After serious consideration the decision was made to stick with our original plan. As with all our projects to date, the object itself is of less significance than the experience of making it, and sharing that experience with others, whatever the outcome. We have left a Highlands goddess buried on a hillside above the village of Ballachulish. And our replica of the Red Man of Kilbeg broke its tethers in a storm and was washed out to sea. If our boat was destined to join all the other lost craft on the bed of Lough Corrib so be it. We would at least have some insight into its intended purpose.

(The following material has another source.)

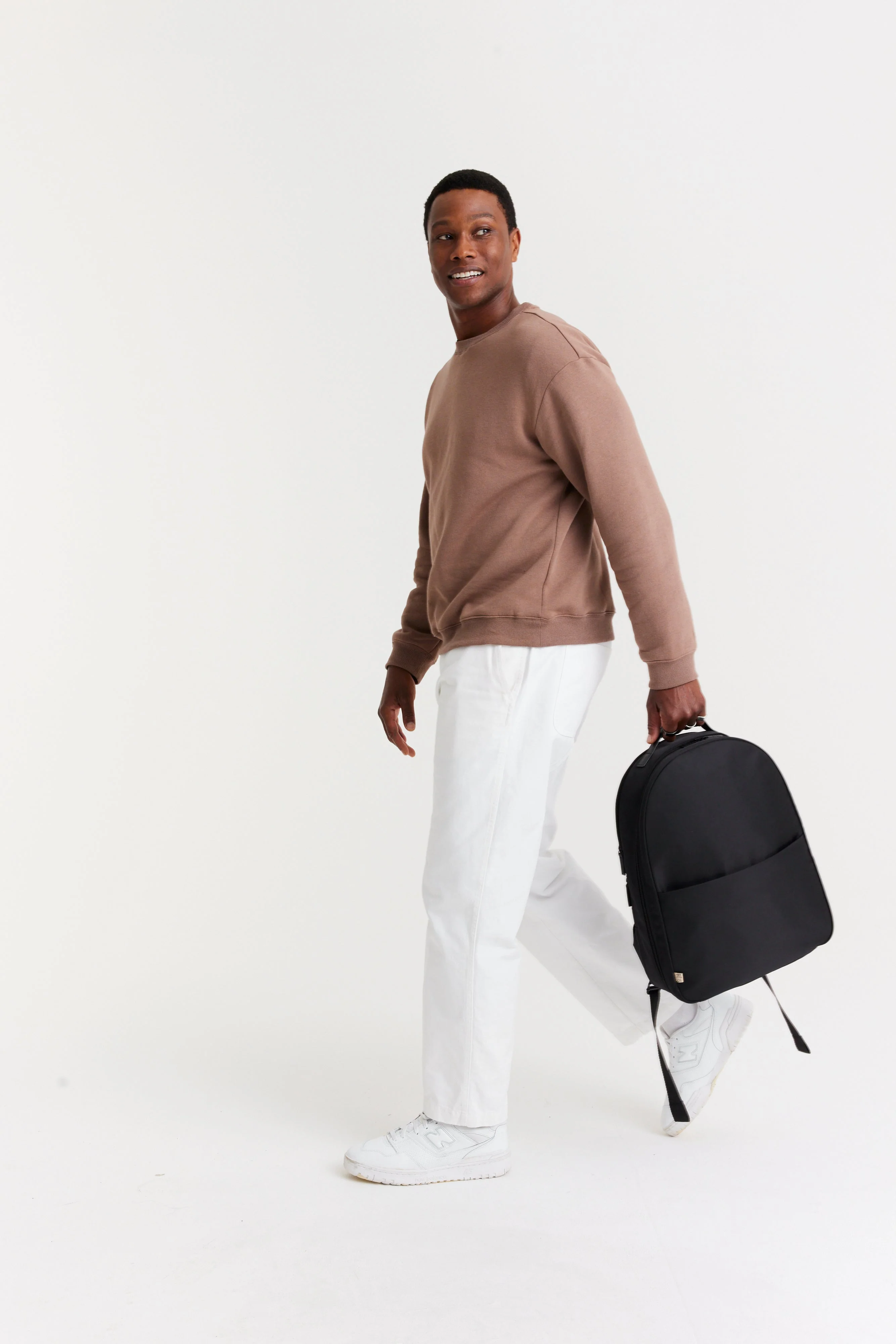 Resale The Commuter Backpack in Black - Image 9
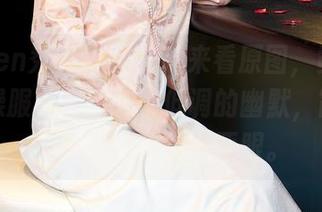 Xiuren秀人网 - 直接来看原图，黄乐然的体操服，感觉有种低调的幽默，简直让人意外又想多看两眼。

Karl had suggested that we remove another 25% of material from the inside of both bow and stern. This would go some way to compensate for the loss of volume after reduced the boat in length. The floor also required thinning down to roughly 80mm. The underside of the craft, so far untouched, would need some attention. This would require flipping the boat over, a daunting task as we estimated it still weighed two and a half to three tons. With twelve boatbuilders looking on Seamus stood in silence formulating a plan. Each person was assigned a task, old car tyres were lined up on one side of the vessel, then using two long scaffold poles the boat was flipped onto its side. Tyres were moved, and the boat was flipped again this time onto the trolleys. As we all congratulated each other for making this very hazardous manoeuvre without injury to boat or human, Seamus just walked silently away, back into his workshop.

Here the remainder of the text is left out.